In the middle of the night last night, or at least some point last night I have decided I am not a pro-active person.   Whether I have always been this way, or this is a new development is uncertain but one thing is clear, I tend to be a person that evaluates the surroundings and let things come my way before I take action.   I have been searching for the basis of some items I see that affect my ability to run a business as ineffectively.   After careful thought, this may not be the be all and end all of my problems, but it definitely rises to the top.

So in my new found quest to…(hold up I need to segue real fast).

This sentence was interrupted by a major factor to my anxiety.  My wife.  I am not sure if I am a catalyst or I am married to someone that doesn’t quite match with me in the emotional department but I am simply not cut out to be a nurturer.  Probably directly correlated with my inability to hold my company’s hand through every detail and decision is my disdain to do so with my wife.   Is it my proclaimed “command and control” leadership style?   I never sought to be this style but apparently that is what I am.    A separate transition that I think serves a major point of anxiety is that I have zero alone time.   That’s right zero.  The only time I can ever get any remote time alone is if I go to the office at night.  I have to go to work to be alone.  Is that sad or what?  That can’t be healthy.  Literally I have probably spent lest than 72 cumulative hours in the last 4 years alone in my house.   I am going to work on this one as I am definitely a person that needs personal space.  I shouldn’t let this eat me up in the short term, I just need to find a way to create some space for myself.  Now, let me get back to my original subject.

So in my new found quest to become a better person and a major consideration of this very blog to begin with is to study, research, and analyze all that is me and all that I wish to change.   With that being said I researched the topic of “proactivity” and the different phrases associated with it.  As usual the BS and salesmanship rises to the top, but the overriding theme of all of the information I have found isn’t about the analysis of proactivity.  It mostly seems to suggest that proactive and reactive is the difference between success and lack thereof.  To some extent that can be true but I don’t think its a given statement.
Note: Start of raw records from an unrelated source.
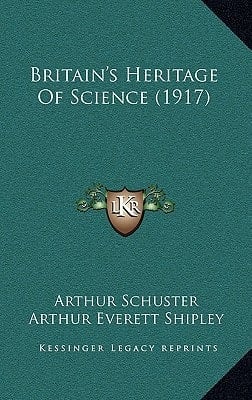 Britain's Heritage Of Science (1917)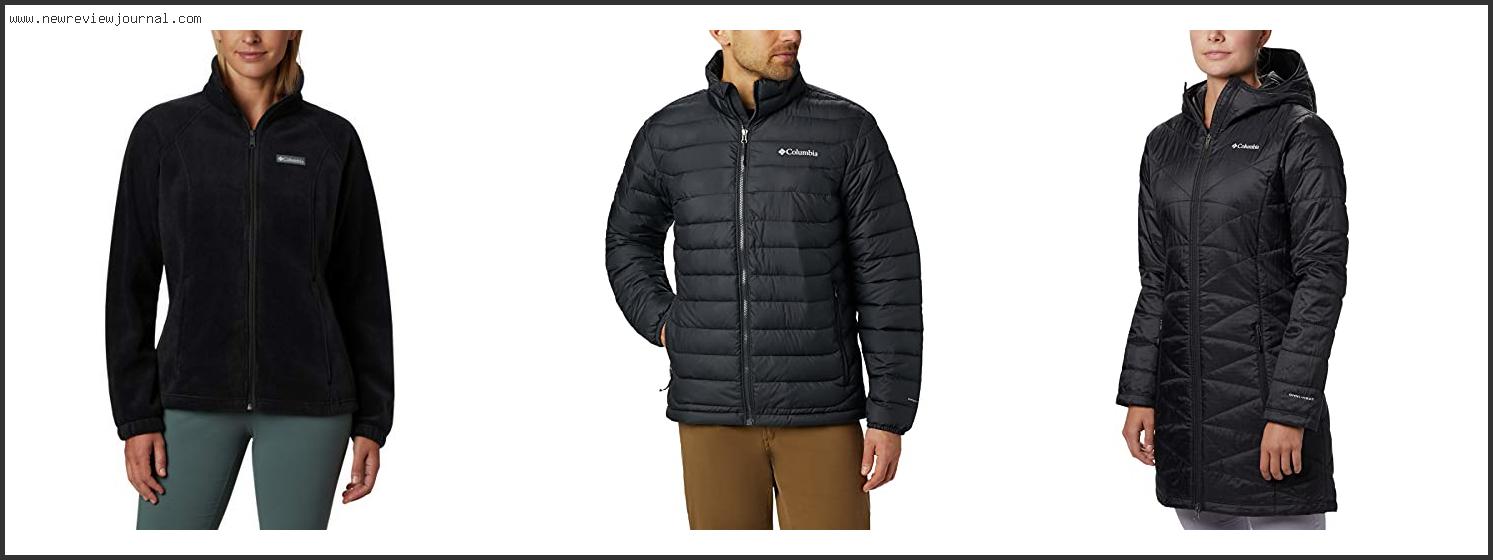 Top 10 Best Columbia Jacket For Winter With Expert Recommendation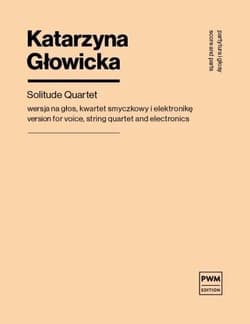 Solitude Quartet nuty na głos, kwartet smyczkowy.. - Katarzyna Głowicka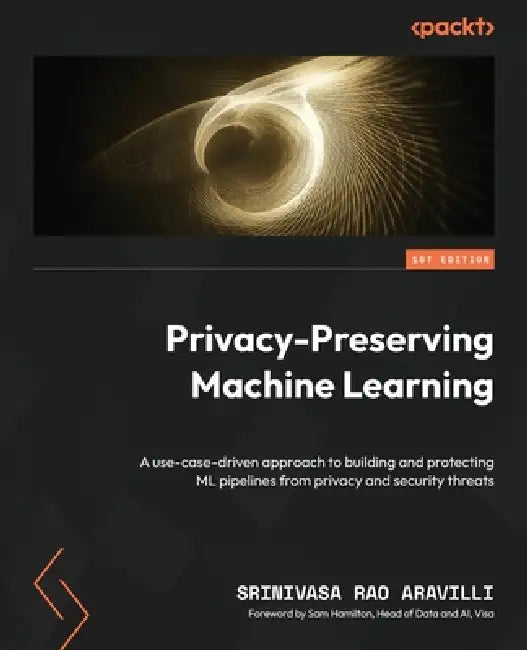 Buy Privacy-Preserving Machine Learning (English, Srinivasa Rao Aravilli | Sam Hamilton) — BookShops.in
I believe in the suggestion that most successful people create their own situations and opportunities.   It is absolutely essential to me that I begin to live my life and engage in the environment around me in a manner that is conducive to being the person that I want to be.  This is not a selfish act (well it technically is but I believe in a certain amount of self preservation) in that I am 100% not the type of person that will throw others under the bus for my own benefit.    Honestly my ability to create the opportunities around me and be a “proactive” person will provide a direct benefit to about 99% of those around me.  There is value in some aspects of being reactive but the bottom line is that I have a lot to improve in this department.   I think this is where I will start in global traits rather than focusing on specific skill sets.  After all I have gotten this far with but I think there will be an end to it as being reactive is a survival mode and being proactive is success mode.   Its kind of like in a video game when things get dire, one quits attacking and simply focuses on defending until there is nothing left to defend.  I have a lot to learn in how to make this endeavor most effective but again I think this is where I am going to start.   Wish me luck.